Runit Dome, the Radioactive Dump
From 1946 to 1958, the government of the United States of America tested 67 nuclear weapons in the Marshall Archipelago, whose best-known island is Bikini, in whose atoll 23 nuclear tests were carried out, and the other 44 tests were carried out on the Enewetak and Atoll atolls. runit.
The last (known) nuclear test was on May 6, 1958, with a bomb similar to that of Hiroshima, leaving a crater 20 meters wide and 9 meters deep on Runit Atoll.
The place was called “Ground Zero of the South Pacific”, due to its high radioactive power.
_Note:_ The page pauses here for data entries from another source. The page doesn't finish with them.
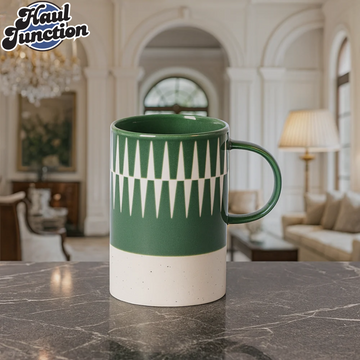 DANNY HOME T01-65 380ML MUG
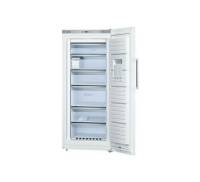 Bosch GSN51AW41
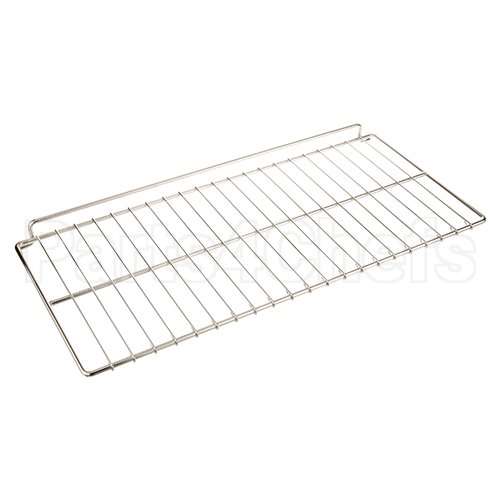 4039-1 Compatible Imperial Rack, Oven, 14" X 31"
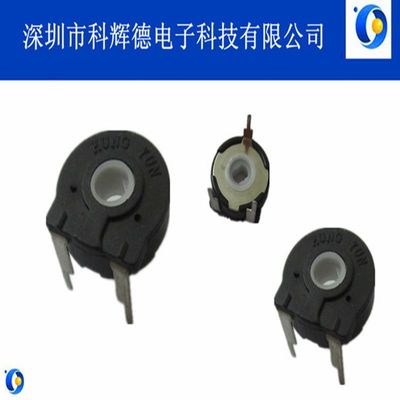 PT15-V15電位器家電機電控溫控速控壓旋轉電位器產品圖片,PT15-V15電位器家電機電控溫控速控壓旋轉電位器產品相冊 - 深圳市科輝德電子科技 - 九正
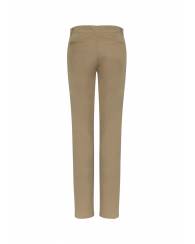 Lawson Chino, Ladies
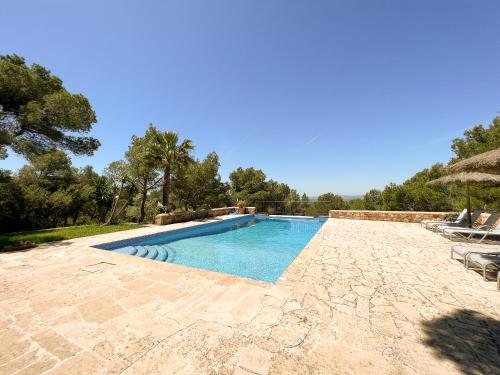 Finca Binifarda Dor - image 6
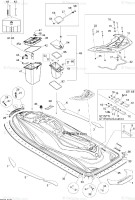 269501643 COUVER. COFFRE *BIN LID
The inhabitants of the contaminated islands were relocated to other islands and, to mitigate their “guilt”, the American government recognized the independence of Marshall on May 1, 1979, giving them 23,000 million dollars in “compensation”. International legality was given on December 22, 1990, when the United Nations recognized the Republic of the Marshall Islands.
Cleaning up the Trash
In 1975 the US Department of Defense studied how to clean up at least part of the contaminated land to make it habitable. concluding that cesium-137 and strontium-90 had a half-life of about 30 years, while later acknowledging that the explosions also left behind plutonium-239, which has a half-life of 24,000 years.
For this reason, in 1977, the US Senate approved the construction of a dome to store radioactive “waste”, “taking advantage” of the crater on Runit Island, which was filled with 73,000 m³ of radioactive waste, collected from all the atolls that were used for the evidence.
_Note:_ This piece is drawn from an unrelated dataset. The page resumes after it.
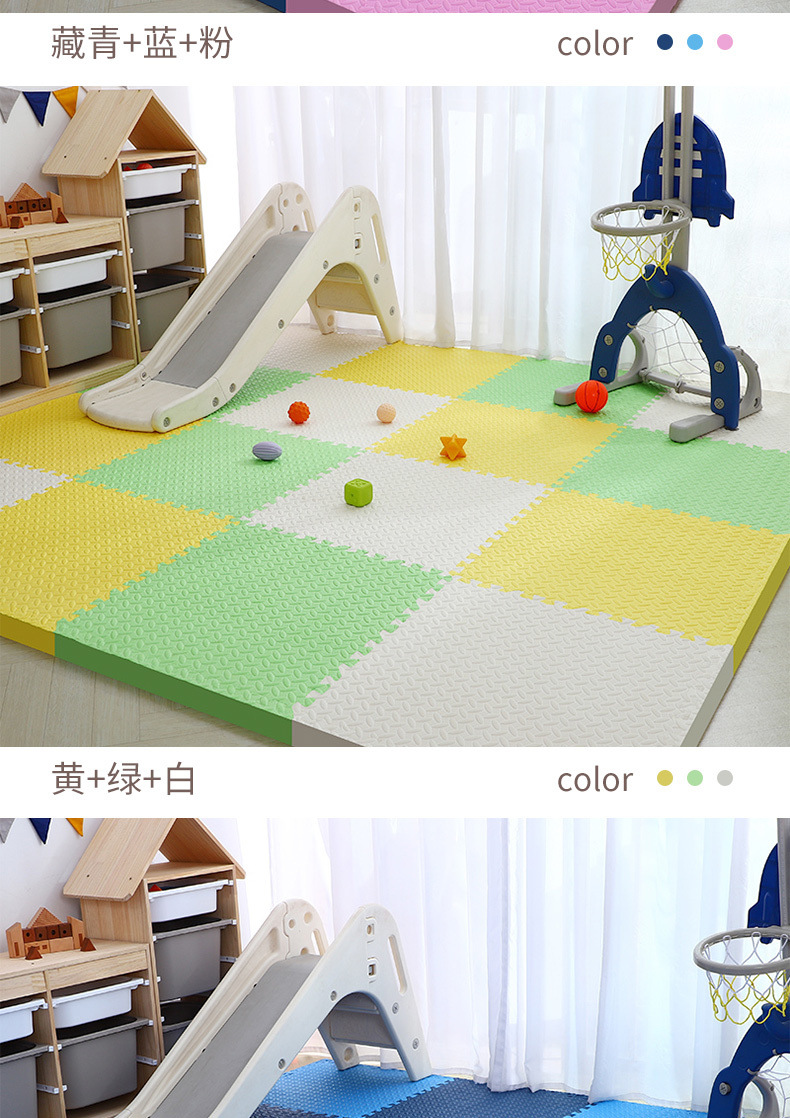 41819f19-b539-4951-9bdb-06cb265f07b7.jpe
The Dome is a hemispherical structure at sea level, in the north of the island of Runit, with a thickness of 46 cm of concrete that the Marshallese call: “Great monument to American clumsiness”.
Unlike Yucca Mountain in Nevada, which is supposed to be designed to withstand at least a million years, the Runit Dome doesn’t even meet standards for household garbage dumps, with even the National Research Council warning in 1982 that a severe typhoon could break the dome.
For this reason, the American government completed a deep cleaning of the plutonium in 2012, assuring that a leak from the dome would not be a threat since more than 30 years have passed and the contaminants are harmless.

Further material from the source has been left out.